You just need to specify the Position column to be an ordered factor where the levels are ordered by their counts:

theTable <- transform( theTable,
       Position = ordered(Position, levels = names( sort(-table(Position)))))

(Note that the table(Position) produces a frequency-count of the Position column.)

Then your ggplot function will show the bars in decreasing order of count. I don't know if there's an option in geom_bar to do this without having to explicitly create an ordered factor.
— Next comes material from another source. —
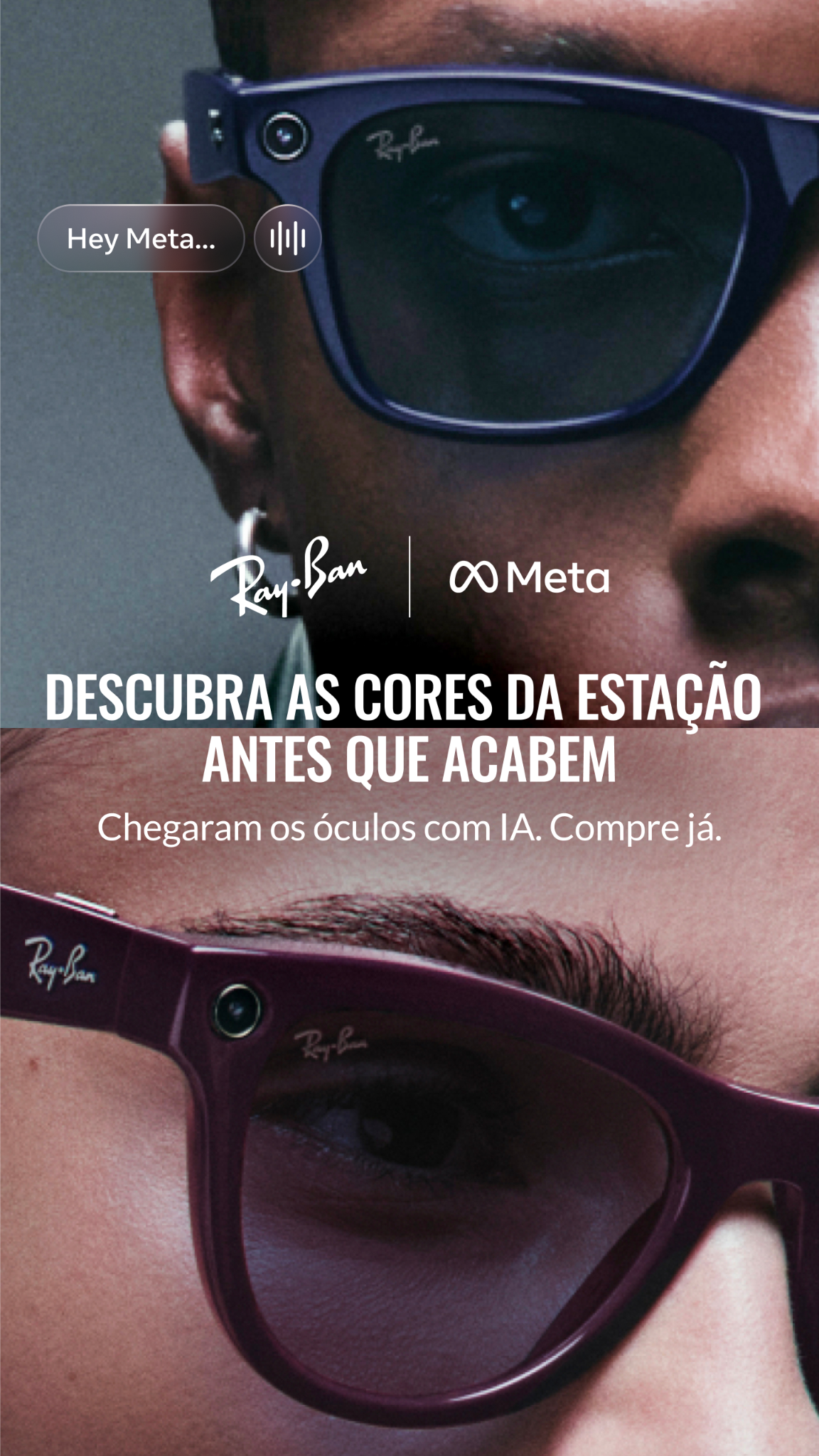Ray-Ban Meta Facebook ad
@Chase 2011-03-06 13:44:35

I didn't fully parse your code up there, but I'm pretty sure reorder() from the stats library accomplishes the same task.

@Gavin Simpson 2011-03-06 14:23:52

@Chase how do you propose using reorder() in this case? The factor requiring reordering needs to be reordered by some function of itself and I'm struggling to see a good way to do that.

@Gavin Simpson 2011-03-06 14:39:36

ok, with(theTable, reorder(Position, as.character(Position), function(x) sum(duplicated(x)))) is one way, and another with(theTable, reorder(Position, as.character(Position), function(x) as.numeric(table(x)))) but these are just as convoluted...

@Prasad Chalasani 2011-03-06 14:55:03

I simplified the answer slightly to use sort rather than order

@Chase 2011-03-06 15:45:06

@Gavin - perhaps I misunderstood Prasad's original code (I don't have R on this machine to test...) but it looked as if he was reordering the categories based on frequency, which reorder is adept at doing. I agree for this question that something more involved is needed. Sorry for the confusion.

@Léo Léopold Hertz 준영 2017-05-25 16:18:14

This does proposal not work with the data set provided in my other comments today.